Replacing Concrete Gutters Causing Damp – The Guide

Finlock gutters (also called concrete gutters) begin to incur a lot of issues as they age. Concrete gutters were originally used on homes as an alternative to metal gutters. This is because metal, such as steel, was being relied upon in the War effort and therefore could not be used for the gutters. Concrete gutters were used instead, but it has been proven that they are in fact a failing system and will need repairs or replacements in their lifetime.
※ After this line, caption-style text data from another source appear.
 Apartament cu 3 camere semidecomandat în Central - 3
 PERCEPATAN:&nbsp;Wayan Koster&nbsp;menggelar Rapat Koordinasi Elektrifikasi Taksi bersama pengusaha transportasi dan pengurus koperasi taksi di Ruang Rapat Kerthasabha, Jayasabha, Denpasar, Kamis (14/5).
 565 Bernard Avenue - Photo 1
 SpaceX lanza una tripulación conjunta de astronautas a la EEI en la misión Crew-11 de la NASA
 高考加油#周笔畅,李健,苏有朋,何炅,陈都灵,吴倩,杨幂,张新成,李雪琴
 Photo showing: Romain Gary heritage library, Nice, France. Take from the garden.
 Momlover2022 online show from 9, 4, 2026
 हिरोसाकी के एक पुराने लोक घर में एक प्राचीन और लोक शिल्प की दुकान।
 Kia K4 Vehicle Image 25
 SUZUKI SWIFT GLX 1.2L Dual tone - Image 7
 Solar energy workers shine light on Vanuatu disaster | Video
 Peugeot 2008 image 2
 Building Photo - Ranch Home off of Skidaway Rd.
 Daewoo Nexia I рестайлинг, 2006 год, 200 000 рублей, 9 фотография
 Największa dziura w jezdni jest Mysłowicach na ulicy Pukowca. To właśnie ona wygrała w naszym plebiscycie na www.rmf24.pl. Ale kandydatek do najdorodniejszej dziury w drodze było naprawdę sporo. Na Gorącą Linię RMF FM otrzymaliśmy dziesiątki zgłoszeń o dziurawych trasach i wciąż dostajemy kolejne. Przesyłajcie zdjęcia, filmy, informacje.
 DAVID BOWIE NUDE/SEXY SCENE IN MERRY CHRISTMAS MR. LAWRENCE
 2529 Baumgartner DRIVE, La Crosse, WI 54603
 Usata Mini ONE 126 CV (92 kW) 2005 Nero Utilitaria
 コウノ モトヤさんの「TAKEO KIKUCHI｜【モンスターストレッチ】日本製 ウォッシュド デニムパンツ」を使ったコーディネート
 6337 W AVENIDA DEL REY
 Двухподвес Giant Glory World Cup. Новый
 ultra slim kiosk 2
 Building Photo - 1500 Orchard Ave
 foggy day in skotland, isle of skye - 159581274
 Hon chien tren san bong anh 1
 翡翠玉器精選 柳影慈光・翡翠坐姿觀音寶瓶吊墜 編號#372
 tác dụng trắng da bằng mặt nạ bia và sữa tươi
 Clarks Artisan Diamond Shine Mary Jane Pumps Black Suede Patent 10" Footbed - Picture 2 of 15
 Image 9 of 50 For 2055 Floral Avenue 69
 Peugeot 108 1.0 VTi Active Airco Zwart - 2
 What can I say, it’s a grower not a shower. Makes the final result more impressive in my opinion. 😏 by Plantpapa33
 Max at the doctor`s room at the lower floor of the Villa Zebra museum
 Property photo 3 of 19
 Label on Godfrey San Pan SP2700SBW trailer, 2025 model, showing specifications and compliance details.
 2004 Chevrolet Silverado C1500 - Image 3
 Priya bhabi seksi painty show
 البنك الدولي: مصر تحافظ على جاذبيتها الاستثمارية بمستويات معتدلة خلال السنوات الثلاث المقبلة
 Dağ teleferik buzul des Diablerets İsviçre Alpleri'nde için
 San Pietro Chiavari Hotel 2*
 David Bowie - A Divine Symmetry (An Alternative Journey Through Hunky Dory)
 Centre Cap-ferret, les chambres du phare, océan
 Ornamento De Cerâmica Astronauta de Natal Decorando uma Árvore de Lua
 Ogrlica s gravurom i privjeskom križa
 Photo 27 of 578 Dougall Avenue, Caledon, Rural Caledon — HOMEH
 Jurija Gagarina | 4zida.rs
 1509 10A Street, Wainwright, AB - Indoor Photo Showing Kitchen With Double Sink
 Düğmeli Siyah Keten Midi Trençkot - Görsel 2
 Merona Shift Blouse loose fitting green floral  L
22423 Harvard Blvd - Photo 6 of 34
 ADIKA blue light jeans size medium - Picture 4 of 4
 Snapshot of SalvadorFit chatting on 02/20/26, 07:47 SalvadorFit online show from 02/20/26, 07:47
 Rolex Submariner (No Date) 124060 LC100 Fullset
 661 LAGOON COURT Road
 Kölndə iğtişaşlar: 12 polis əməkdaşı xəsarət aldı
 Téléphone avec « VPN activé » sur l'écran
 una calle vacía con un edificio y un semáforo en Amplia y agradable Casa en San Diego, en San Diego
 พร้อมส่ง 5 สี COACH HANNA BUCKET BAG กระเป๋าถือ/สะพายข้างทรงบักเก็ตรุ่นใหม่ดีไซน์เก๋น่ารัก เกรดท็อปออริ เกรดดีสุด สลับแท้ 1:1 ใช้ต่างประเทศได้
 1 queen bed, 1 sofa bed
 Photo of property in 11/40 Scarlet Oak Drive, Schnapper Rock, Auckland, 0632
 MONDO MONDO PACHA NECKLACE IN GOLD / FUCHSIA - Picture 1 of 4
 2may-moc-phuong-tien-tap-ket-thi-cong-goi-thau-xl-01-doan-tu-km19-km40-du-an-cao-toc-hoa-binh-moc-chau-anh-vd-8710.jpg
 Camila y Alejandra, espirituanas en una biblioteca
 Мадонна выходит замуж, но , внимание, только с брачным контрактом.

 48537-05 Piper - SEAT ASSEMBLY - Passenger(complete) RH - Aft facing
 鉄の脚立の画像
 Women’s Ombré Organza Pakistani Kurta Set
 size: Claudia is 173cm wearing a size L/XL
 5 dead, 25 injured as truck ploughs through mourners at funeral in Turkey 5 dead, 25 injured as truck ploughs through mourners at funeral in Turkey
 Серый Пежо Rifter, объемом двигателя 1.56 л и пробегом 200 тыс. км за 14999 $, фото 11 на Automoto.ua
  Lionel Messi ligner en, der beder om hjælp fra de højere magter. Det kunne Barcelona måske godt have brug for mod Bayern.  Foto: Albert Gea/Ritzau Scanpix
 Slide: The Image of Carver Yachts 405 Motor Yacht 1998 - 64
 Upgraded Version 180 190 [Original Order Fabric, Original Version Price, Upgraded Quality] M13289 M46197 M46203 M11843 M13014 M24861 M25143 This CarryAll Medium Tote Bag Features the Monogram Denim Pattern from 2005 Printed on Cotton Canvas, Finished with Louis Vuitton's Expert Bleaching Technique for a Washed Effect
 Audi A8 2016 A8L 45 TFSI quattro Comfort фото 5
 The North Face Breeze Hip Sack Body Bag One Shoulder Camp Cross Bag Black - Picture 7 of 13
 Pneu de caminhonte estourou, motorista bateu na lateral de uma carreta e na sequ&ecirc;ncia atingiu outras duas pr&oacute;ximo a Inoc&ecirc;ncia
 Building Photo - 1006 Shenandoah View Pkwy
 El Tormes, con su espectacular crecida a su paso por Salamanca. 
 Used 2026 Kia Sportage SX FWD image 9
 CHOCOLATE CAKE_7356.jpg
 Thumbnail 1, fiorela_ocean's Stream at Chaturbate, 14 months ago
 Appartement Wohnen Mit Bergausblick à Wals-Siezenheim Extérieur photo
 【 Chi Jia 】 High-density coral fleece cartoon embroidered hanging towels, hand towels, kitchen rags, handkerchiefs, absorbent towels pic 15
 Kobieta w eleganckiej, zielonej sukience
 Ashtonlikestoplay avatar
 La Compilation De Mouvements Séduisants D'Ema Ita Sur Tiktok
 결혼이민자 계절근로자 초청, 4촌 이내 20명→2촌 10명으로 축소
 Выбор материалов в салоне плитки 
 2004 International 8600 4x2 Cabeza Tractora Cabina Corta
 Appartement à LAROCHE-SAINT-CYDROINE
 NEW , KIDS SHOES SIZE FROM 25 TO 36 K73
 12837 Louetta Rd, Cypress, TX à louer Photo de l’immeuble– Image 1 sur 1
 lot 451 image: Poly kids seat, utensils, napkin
Concrete gutters are not especially common, but they can still be found on homes across the UK. Typically, homes built between 1950s-1970s. Unfortunately for homeowners, Finlock gutters come with a few issues due to their porousness over time. The main issues with Finlock gutters stem from their porous nature, causing a lot of issues to develop because water cannot drain away correctly.

The issues

Lining failure

The expansion and contraction of the lining occur due to changes in temperature. The changes can then lead to the separation of weaker points in the structure, especially at the junctions. Because of this, the concrete troughs can potentially crack, which creates access points for water to enter. Lining failure is incredibly detrimental and concrete gutter removal should be considered immediately.

Cold/thermal bridging

Cold/thermal bridging can be particularly irritating in all weather conditions and can affect your energy consumption and how well your home remains insulated.


Concrete gutters can function as door and window opening joists, but if there is no adequate filling they will begin to sag. Additionally, modern guttering is tilted to allow rainwater to run away and down the downpipe. Concrete guttering on the other hand, provides no escape for the rainwater, which will remain sat in the guttering and cause more damage over time. This can also cause sagging, and in some cases, collapse.

Damp and mould

One of the most common and troubling issues faced by homeowners can be damp caused by concrete gutters. When water is left inside the guttering instead of being drained away it can cause issues such as mould growth and damp. Both can be particularly bad in the winter months and have negative effects on the beauty of your home, as well as your health. Mould and damp will need correcting immediately and can return if the concrete gutters remain.

Damage to interior

Water damage, mould and damp are huge issues. Through the growth of damp and mould, the wallpaper can begin to come away from the walls, water stains and damp can be seen, and paint can be ruined. All destroying the beauty of your home. Redecorating is essential to fix this but can be a waste of time as it will only be a matter of time before the concrete gutters fail again.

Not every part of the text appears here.